THAILAND

THAILAND: Silence of the academic community

Universities in Bangkok will be opening now. Because the anti-government Red Shirts were crushed with violence last month and 80 or so people killed, I don't think there will be any immediate activity by the students.

People will be discussing very heatedly among themselves. Students will be worried about writing an essay criticising the status quo and any academic who thought they might encourage argument and debate will keep quiet.

If you're not particularly politically active, you won't notice any difference. There will still be university seminars but they won't be discussing why the King did not come out and say something about the killings.

They will not be discussing if the government of Abhisit Vejjajiva was genuinely democratically elected. And they will not be discussing what kind of society Thailand should be in the future.

In the department of political science and in the department of history you can't really function unless you discuss things of this nature. So academics have avoided discussing some of the fundamental issues in Thailand.

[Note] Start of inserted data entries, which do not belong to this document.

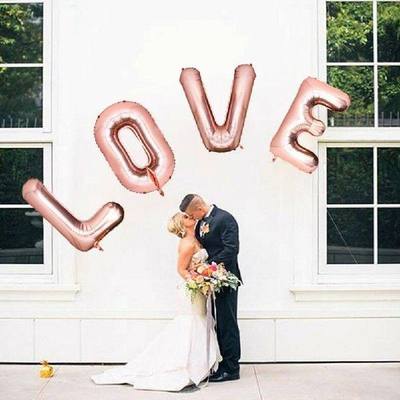 Rose Gold Letter Foil Balloons Wedding Decoration Baby Love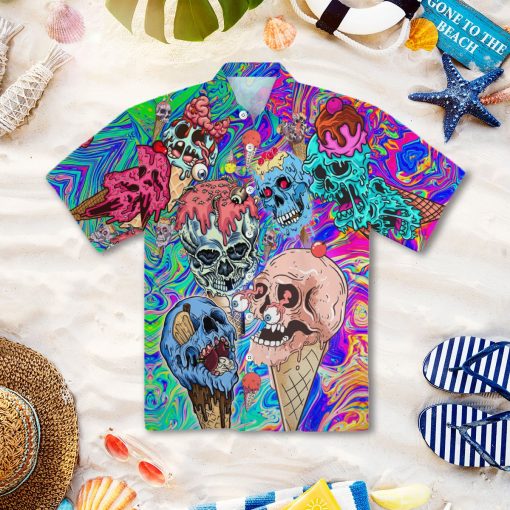 Clown Skull Ice Cream 3d All Over Print Button Design For Halloween Hawaii Shirt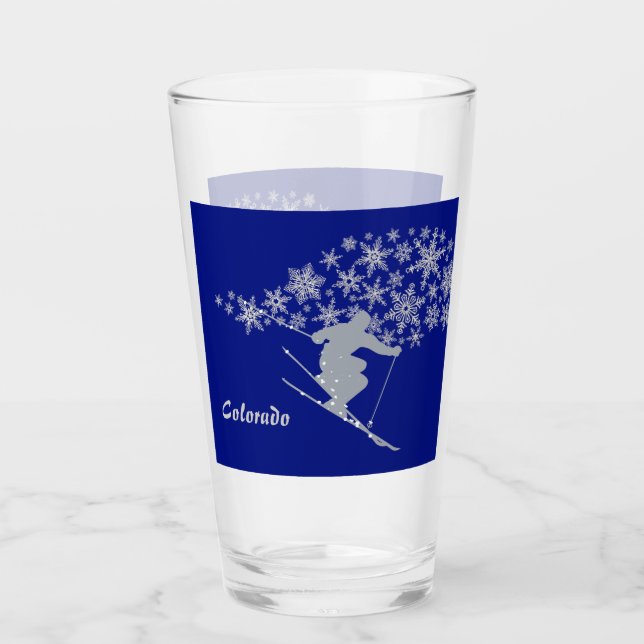 Blue Colorado Snowflake Snow Skier Glass (Front)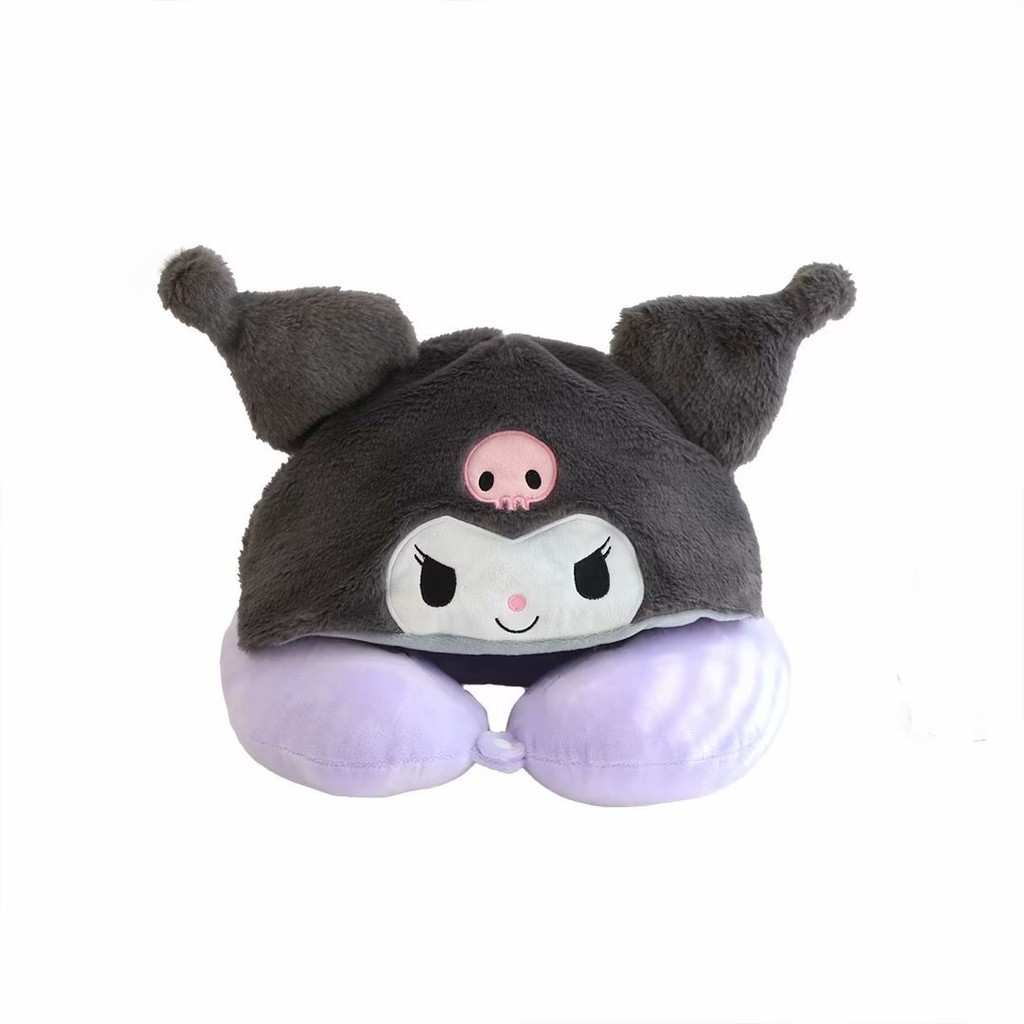 หมอนเดินทางคอ Kuromi My Melody Cinnamoroll พร้อมฮูด รองรับศีรษะรูปตัว U Pachacco PomPom Puri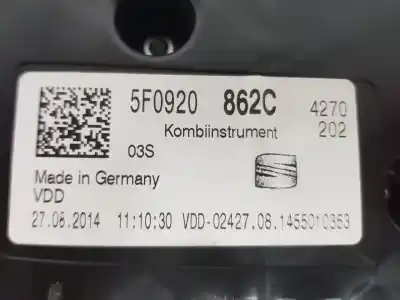 Автозапчастина б/у панель інструментів для seat leon (5f1) 1.6 tdi посилання на oem iam 5f0920862c  5f0920862c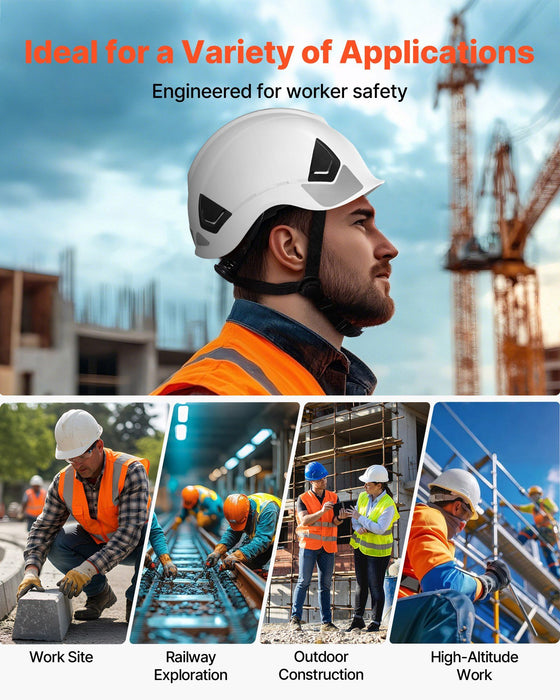 Construction Safety Helmet, ANSI/ISEA Z89.1 Approved ABS Safety Hard Hat with 6-Point Ratchet Suspension, Adjustable Vented Hardhat for Men Women Adults, for Outdoor Indoor Industrial Workwear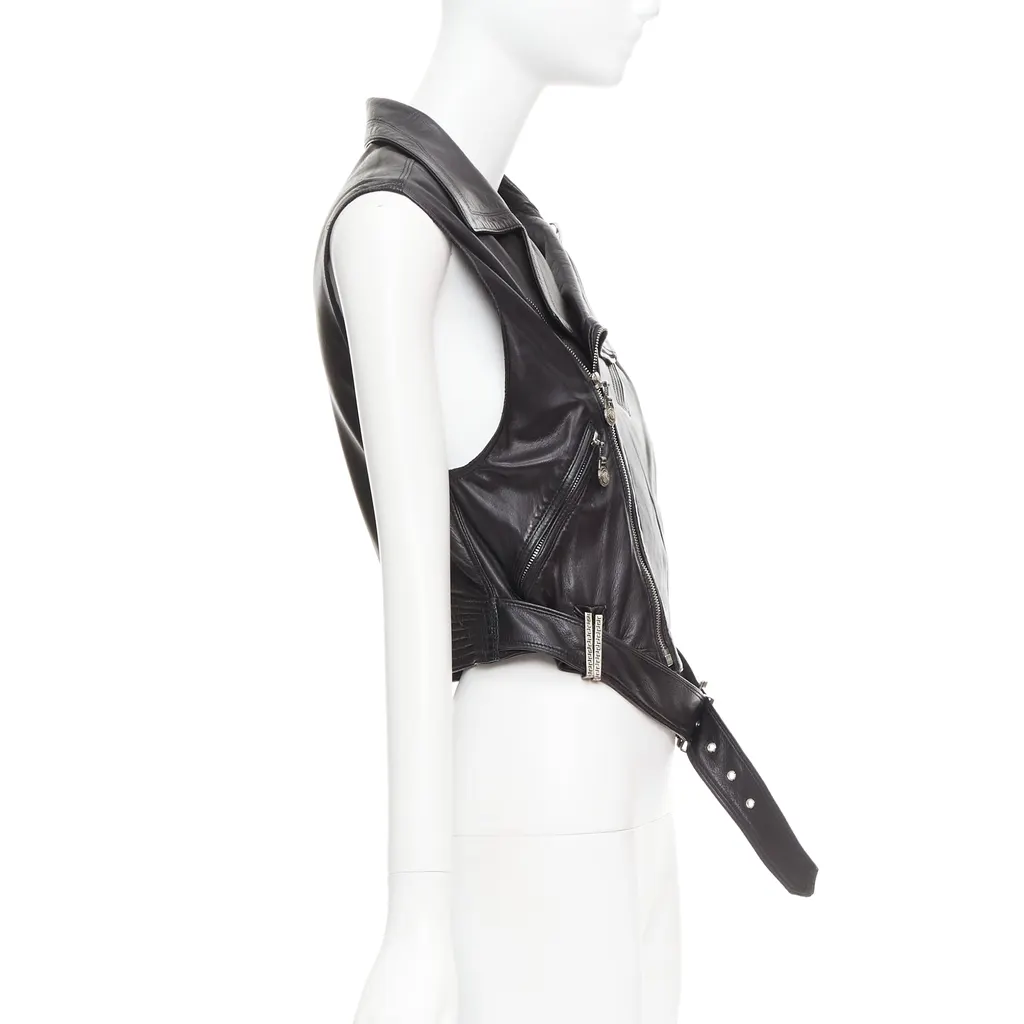 Gianni Versace Medusa Pin Vest Black Leather Good - Box View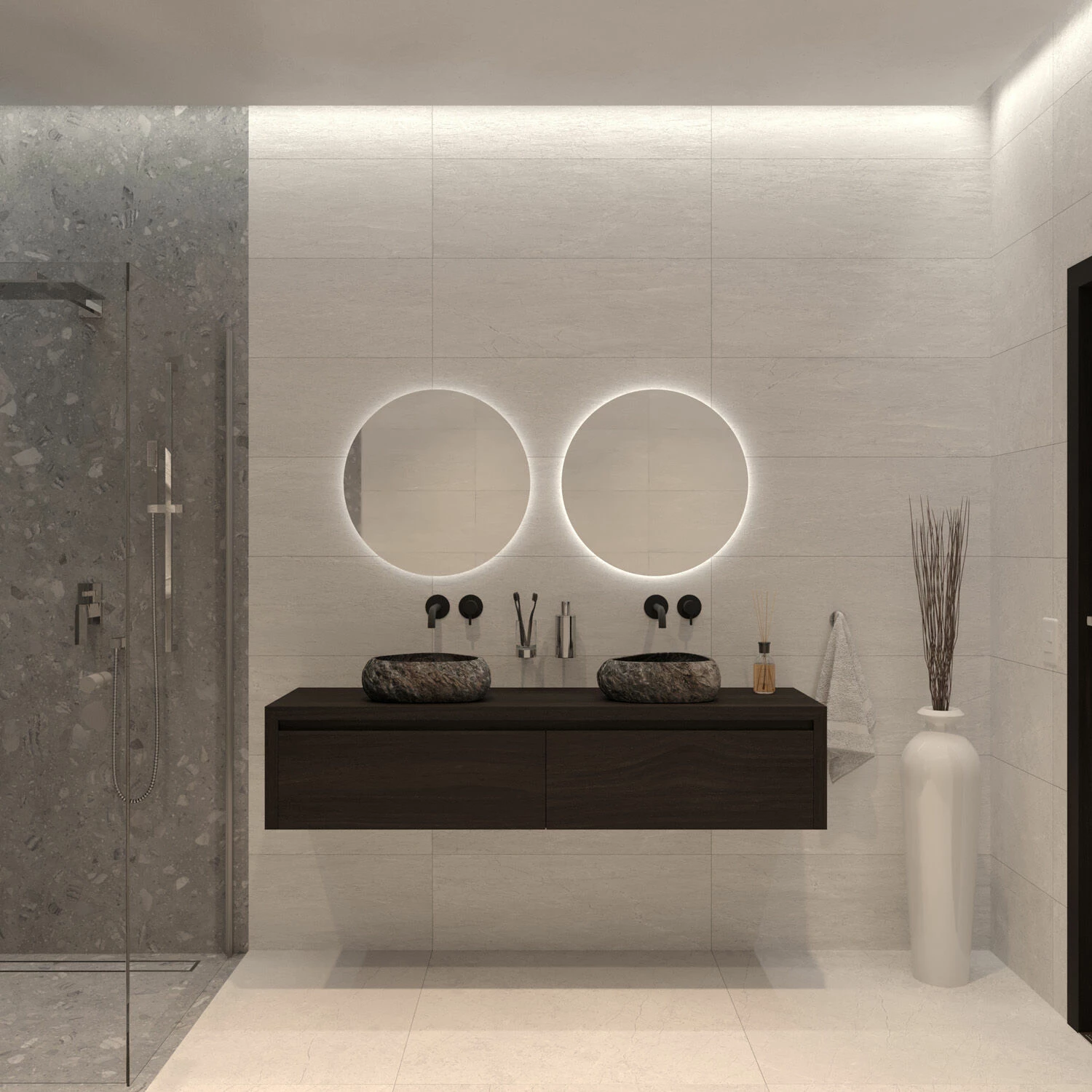 SaniGoods Alvares Badmeubel 180cm 2 Lades Eiken Charcoal Met Rivierstenen Waskommen - Afbeelding 2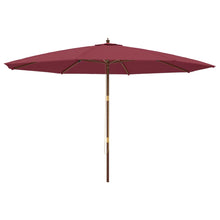 Parasol Met Houten Paal 400X273 Cm Bordeauxrood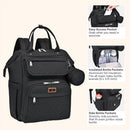 Diaper bag backpack in black, featuring multiple zippered pockets, insulated bottle compartments, and easy access design.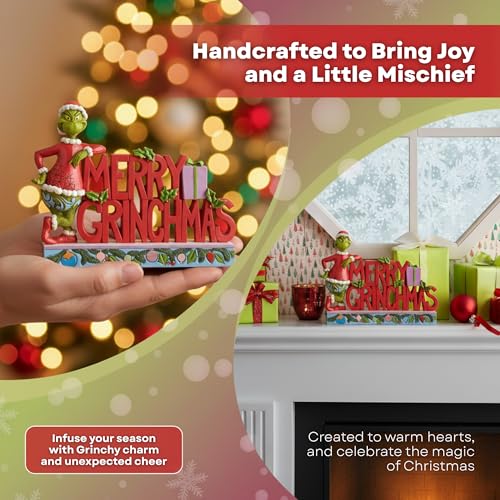 Figurine Grinch Jim Shore Enesco Merry Word 18 cm statuette de collection Noël multicolore - 7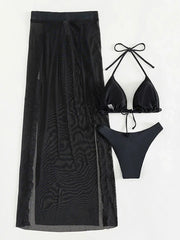 3D Flowers Ruffled Halter Long Skirt Bikini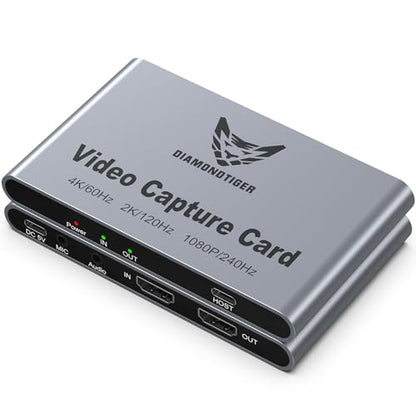 4K60Hz 1080P240Hz Video Capture Card VRR Passthrough PS5 PC | Lag-free HDR audio video recorder device with USB 3.2 fast charging and 3.5mm ports for Xbox - size: 4K 60Hz Silver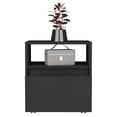 thumbnail image 4 of Cterwk Wood Beside Table with Wheels and 1 Open Shelf, 1 Drawer Nightstand for Home, Bedroom, Black, 4 of 7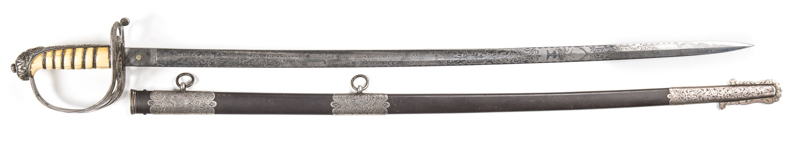 FINE SILVER MOUNTED PRESENTATION 1827 PATT RIFLE OFFICER'S SWORD: exc 32" slightly curved, etched blade, heavily embellished with acanthus leaves, rampant horse, std INVICTA. 38TH CORPS K.R.V. (Kent Rifle Volunteers) Latin inscription NIHIL.HUMANIA.ME ALI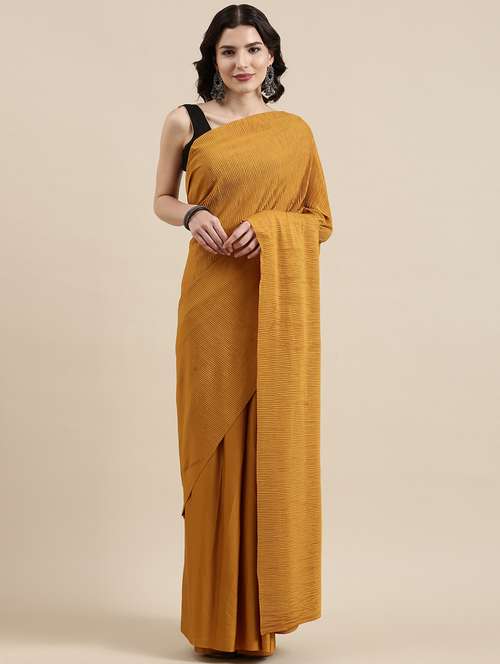 women's self design mustard colored saree - 18643084 - Very Small Image - 1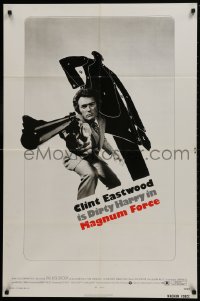 1b557 MAGNUM FORCE 1sh 1973 best image of Clint Eastwood is Dirty Harry pointing his huge gun!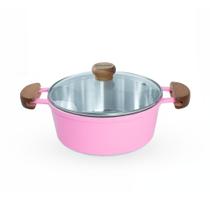 Caçarola De Alumínio Fundido N 22 Com Alça De Madeira e Tampa De Vidro - Cor Rosa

There is a long tradition of avoiding and stifling free thinking and debate.

I had to leave Thailand in 2009 because I wrote a book criticising the 2006 military coup. I said the coup received legitimacy from the King. In my opinion it is impossible to write a book criticising the coup without trying to discuss the role of the monarchy in protecting or not protecting democracy in Thailand.

I was charged with lese-majesty for insulting the King which I didn't do but this law is being used by various elites to try to silence the opposition. You can go to prison for up to 15 years for lese-majesty but if you write two separate sentences in one book you might be sentenced to 30 years.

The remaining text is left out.